Source material:
=== Section Start ===
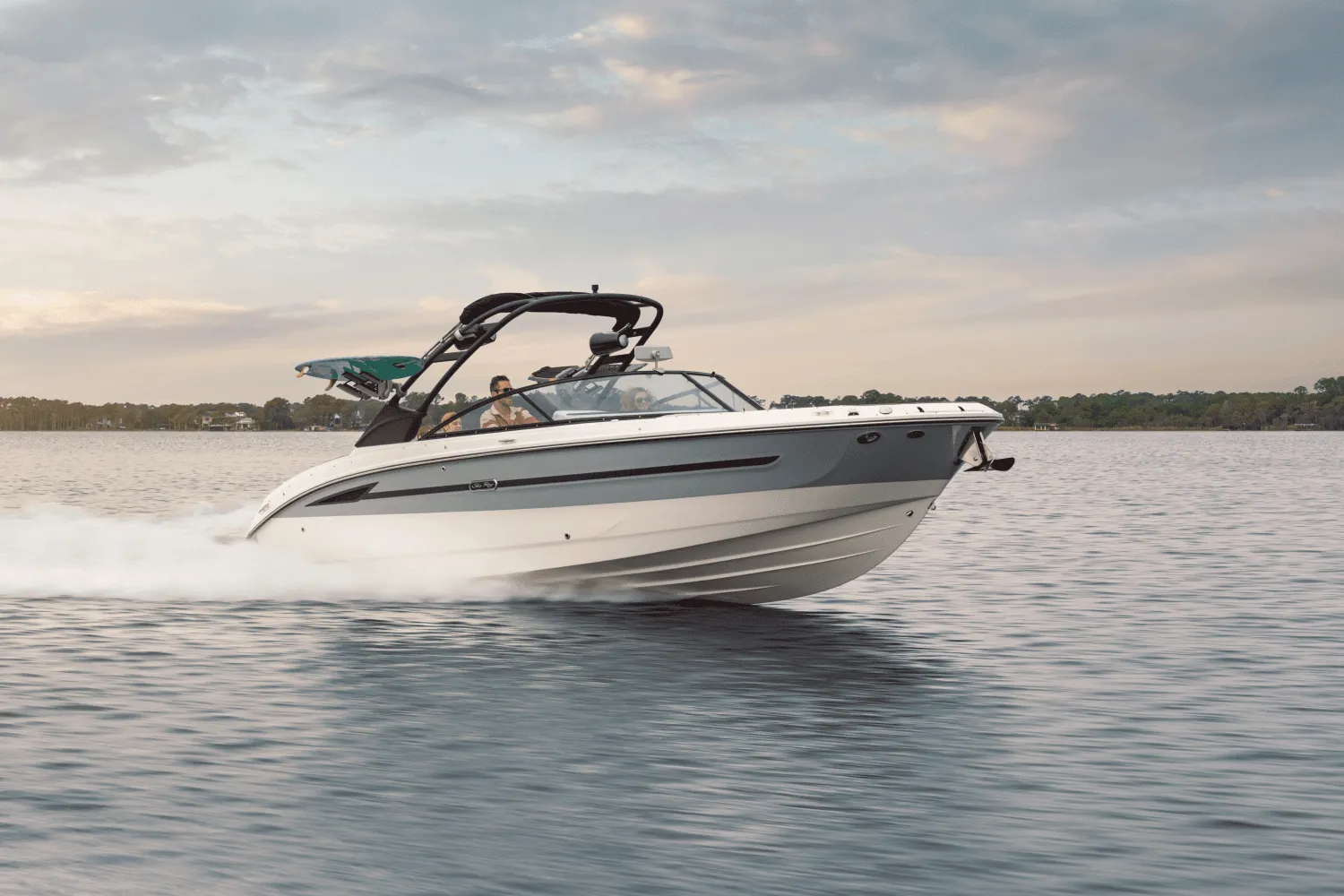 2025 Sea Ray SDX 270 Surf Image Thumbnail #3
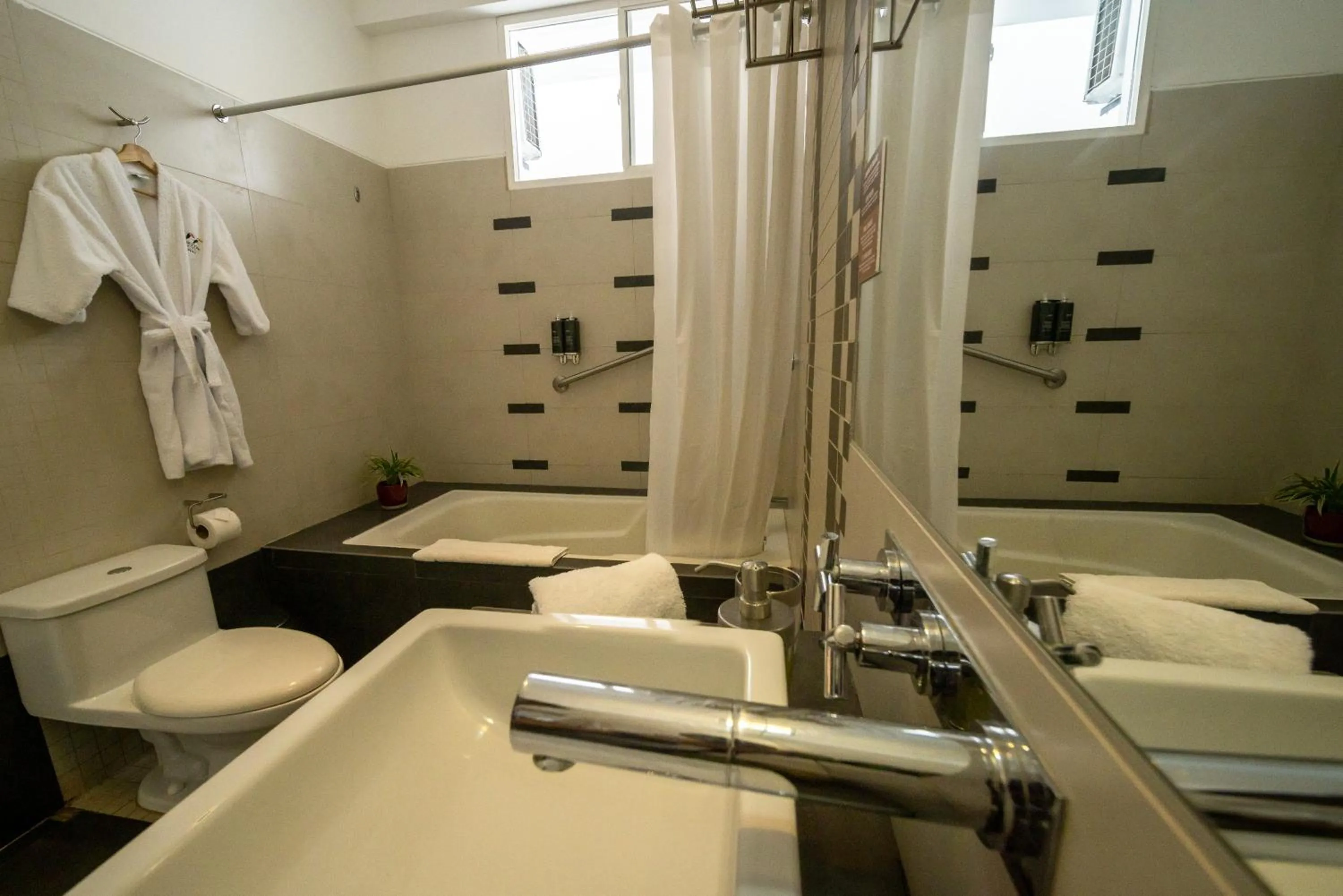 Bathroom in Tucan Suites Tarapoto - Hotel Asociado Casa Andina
=== Section End ===
=== Section Start ===
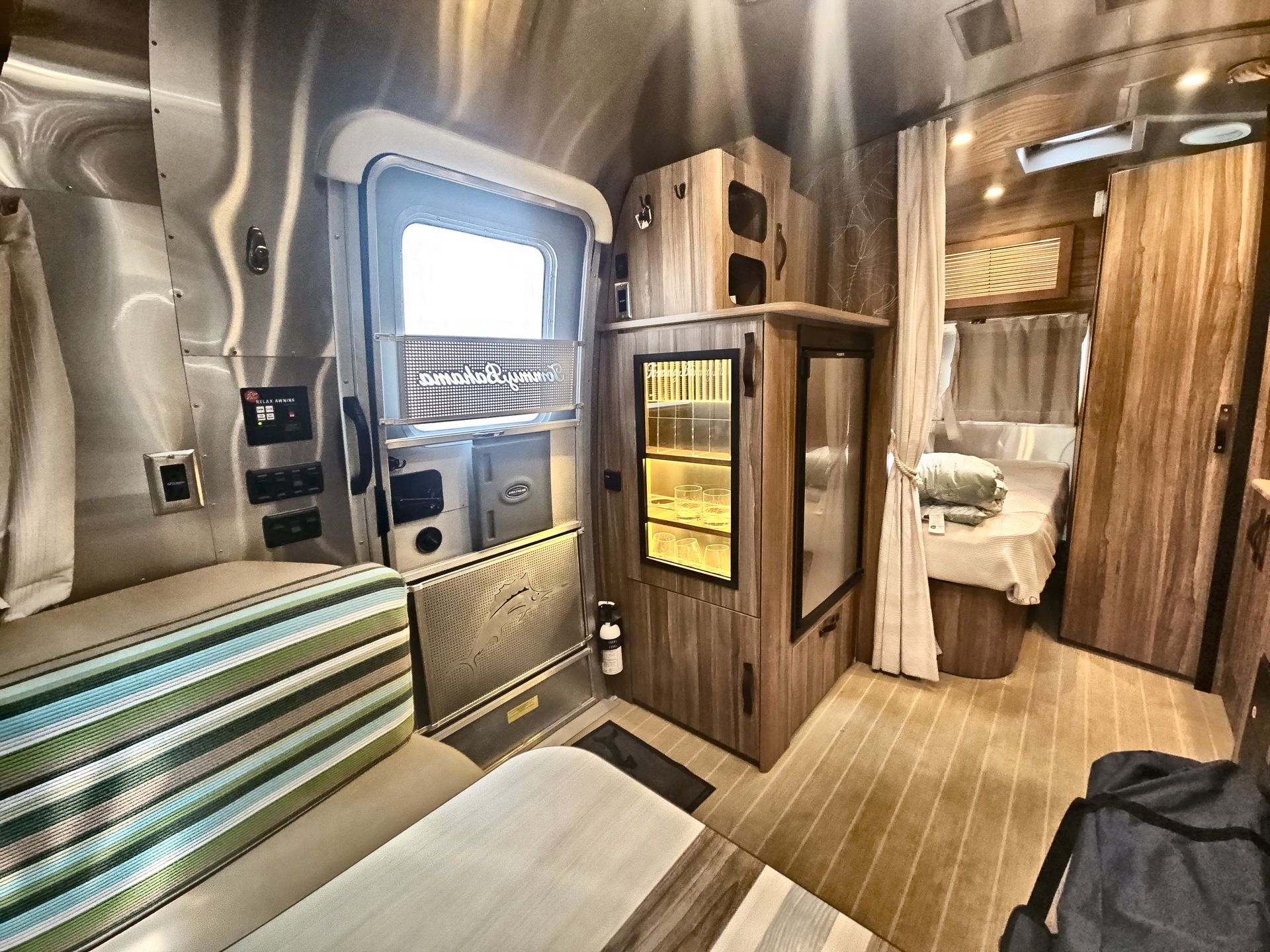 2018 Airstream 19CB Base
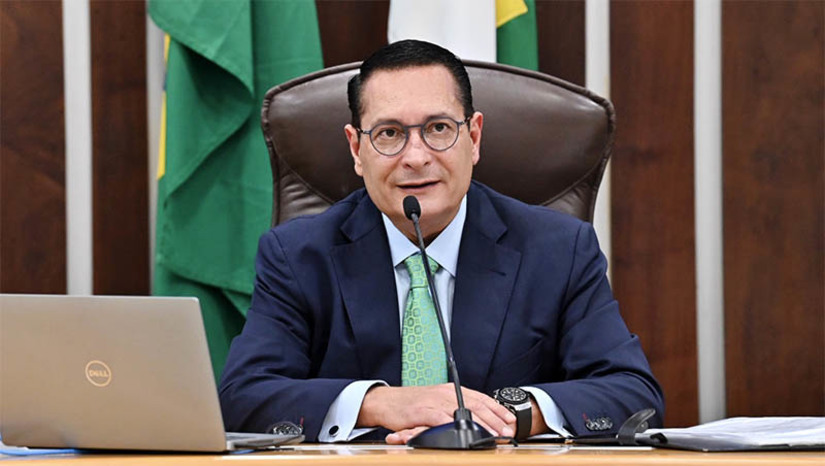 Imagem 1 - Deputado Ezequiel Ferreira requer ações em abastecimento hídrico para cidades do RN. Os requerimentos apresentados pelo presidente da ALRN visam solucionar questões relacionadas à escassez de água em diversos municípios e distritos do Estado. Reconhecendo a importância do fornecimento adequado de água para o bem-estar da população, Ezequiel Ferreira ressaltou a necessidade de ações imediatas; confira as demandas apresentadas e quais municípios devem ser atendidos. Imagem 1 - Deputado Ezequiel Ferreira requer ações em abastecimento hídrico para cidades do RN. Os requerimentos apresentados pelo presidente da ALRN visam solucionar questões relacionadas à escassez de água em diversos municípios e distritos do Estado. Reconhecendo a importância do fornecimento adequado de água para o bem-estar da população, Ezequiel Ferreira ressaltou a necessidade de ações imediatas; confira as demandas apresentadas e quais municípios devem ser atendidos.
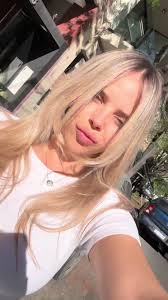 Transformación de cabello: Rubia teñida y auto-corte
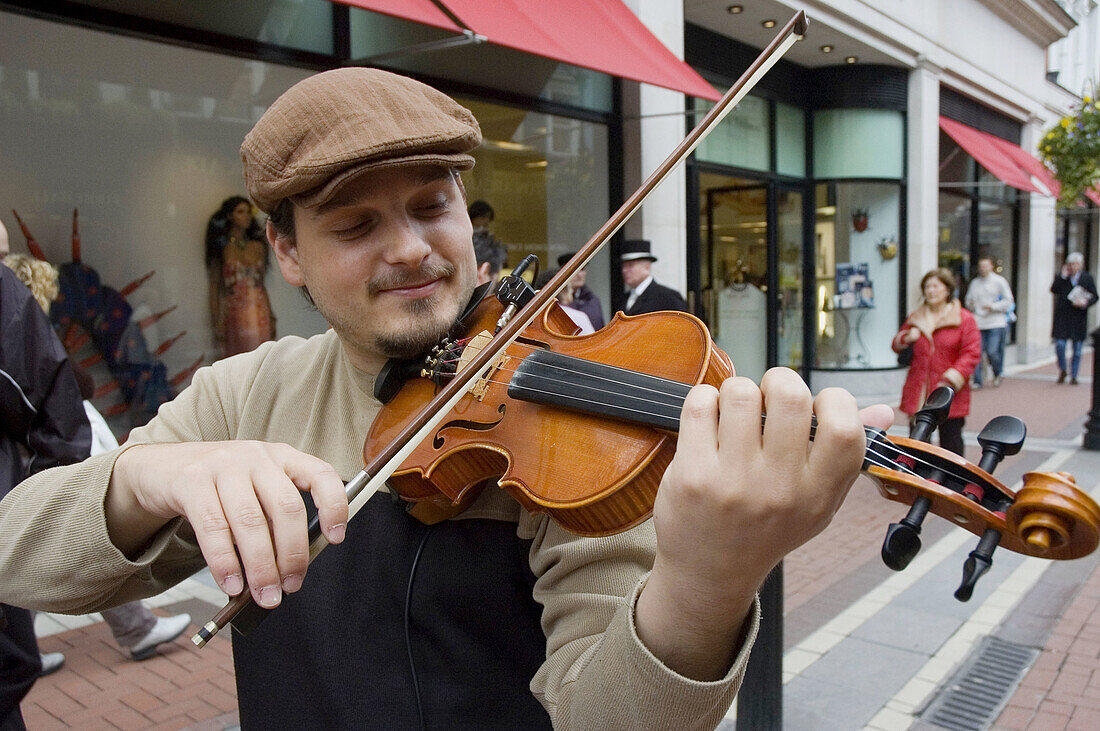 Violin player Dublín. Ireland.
=== Section End ===
Task to complete: Nothing except the lines from the one containing "Transformación de cabello: Rubia" through the one containing "Violin player Dublín. Ireland." should appear in the answer, exactly as above and without pictures.

Answer for this exercise:
 Transformación de cabello: Rubia teñida y auto-corte
 Violin player Dublín. Ireland.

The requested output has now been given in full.